2. What a dynamic workflow is

2. 什么是动态工作流

A dynamic workflow is like replacing one exhausted person with a small, focused team. Instead of asking one AI to carry the whole project from start to finish, you split the work into clean pieces. One agent handles one task. Another checks the result. Another moves the work forward. As a result, no one gets tired in the middle and starts cutting corners. No one gives themselves a perfect score just because they wrote the answer. And no one forgets the original brief, because each agent only has to hold one clear piece of the job. 动态工作流就像是用一个专注的小团队取代了一个精疲力竭的个人。与其要求一个 AI 从头到尾承担整个项目,不如将工作拆分成清晰的片段。一个智能体处理一个任务,另一个检查结果,再由另一个推进工作。结果就是,没有人会在中途感到疲惫而开始偷工减料,没有人会因为自己写了答案就给自己打满分,也没有人会忘记最初的简报,因为每个智能体只需要处理工作中的一小块清晰内容。

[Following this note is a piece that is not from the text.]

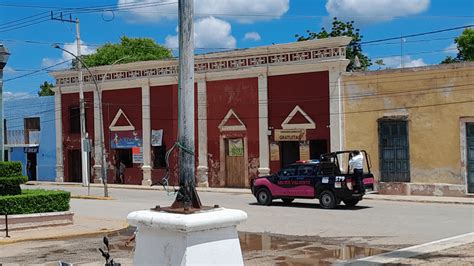 Solo Sirven Dos Patrullas Para El Municipio De Calkin Telemar Campeche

Claude’s dynamic workflow helps you do this. It splits the job across a team of fresh-context Claudes. Each one handles a smaller piece, another layer checks the work, and the results are merged back into one answer for you. The keyword here is harness. A harness is the scaffolding around the model: the part that decides how a task is planned, divided, checked, and executed. Claude 的动态工作流正是为了实现这一点。它将工作分配给一个拥有全新上下文的 Claude 团队。每个成员处理一小部分,另一层负责检查工作,最后将结果合并为一个答案交付给你。这里的关键词是“工作框架”(Harness)。工作框架是围绕模型构建的脚手架:它决定了任务如何被规划、拆分、检查和执行。